As the son of Romanian parents, raised in a predominantly Chinese neighbourhood in Toronto, and having spent a recent 3 years in Paris, this sparked a few thoughts.

First, I find many of the traits I saw stereotyped as Chinese traits here in Toronto to be readily applicable to Romanian immigrants (you can really notice the influence of a communist past), and to a similar degree, immigrants in general. I think the same thing applies to tourists. Many of the traits we associate with Chinese tourists can be seen in visitors from other places that are — or were until recently — repressed or less developed. This is particularly true of the obsession with luxury brand shopping. There are just more Chinese tourists, acting as a lightning rod for a bad rap. It’s fairly easy to understand some of the behaviour when you empathize, as you have. Unfortunately, that cultural awareness doesn’t always exist, and I think it goes both ways. Example: many tourists in Paris will have wandered into a small shop and received a lukewarm or sometimes even frosty reception. Traditionally, many of these shop owners live above the shop, so walking in without greeting them is akin to wandering into their home without politely saying ‘hello’. Tourists don’t know this, and simply assume Parisians are rude. A lot gets lost in translation, not just in our language, but by missing the stories that define who each of us are. Sometimes the stories are so very different.

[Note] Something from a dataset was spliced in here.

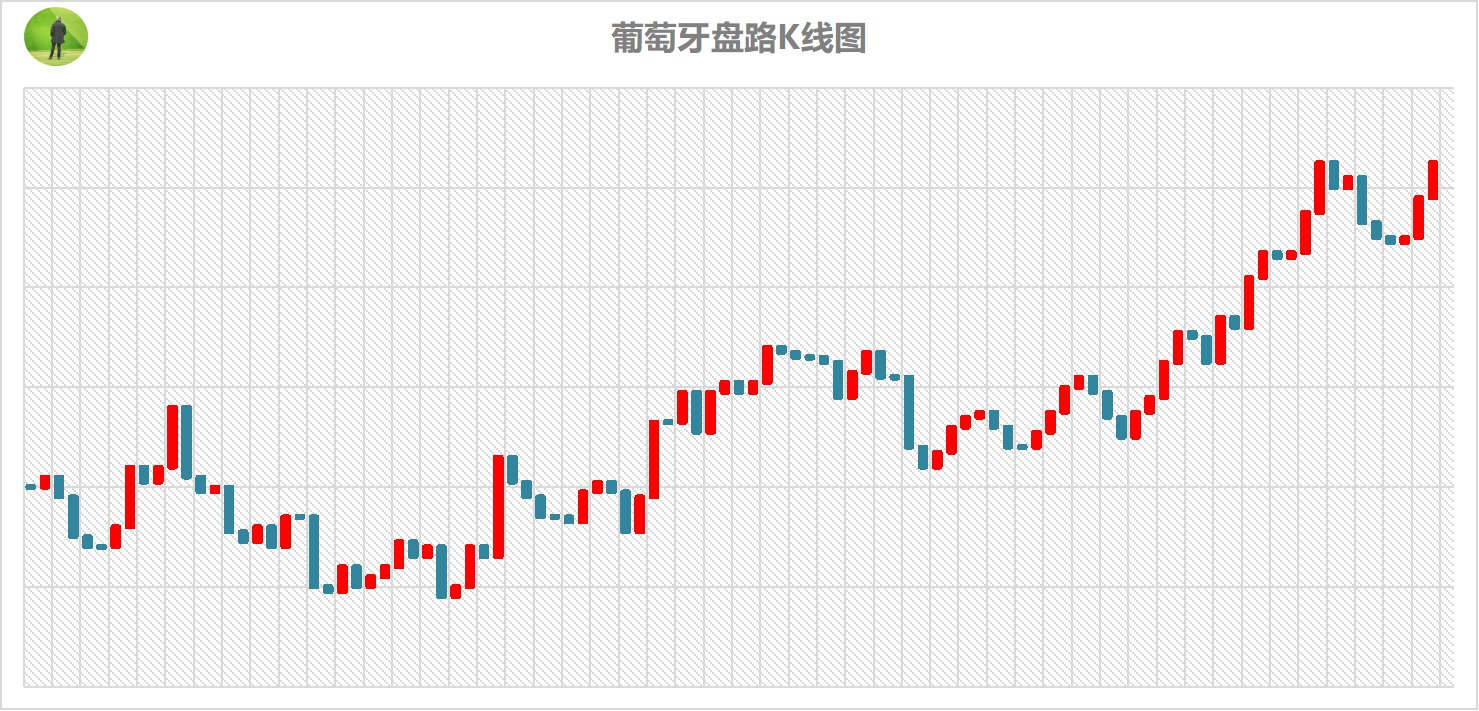 k线图杯柄形态图,k线图表示意图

Second, I always find it curious when others complain of these groups, particularly in the context of the thirst for the authentic. In my experience, very rarely are tourist groups flooding the places locals love. They are almost exclusively at a handful of “must-see” places or central areas that are evidently targeting tourists to begin with, places that locals rarely bother with anyways. It’s less about the tourists than the local businesses bringing them there (e.g. the Galeries Lafayette very actively targets the Chinese tour groups). I particularly find it ironic in North America, as so many of the places locals love are themselves a different form of cultural hijacking, in the form of neighbourhood gentrification, that is itself labeled as cool and authentic. In any case, on the rare occasion I spot some tourists who wandered into the local watering hole, I admire their adventurousness.

Again, impressively articulated perspective, thank you.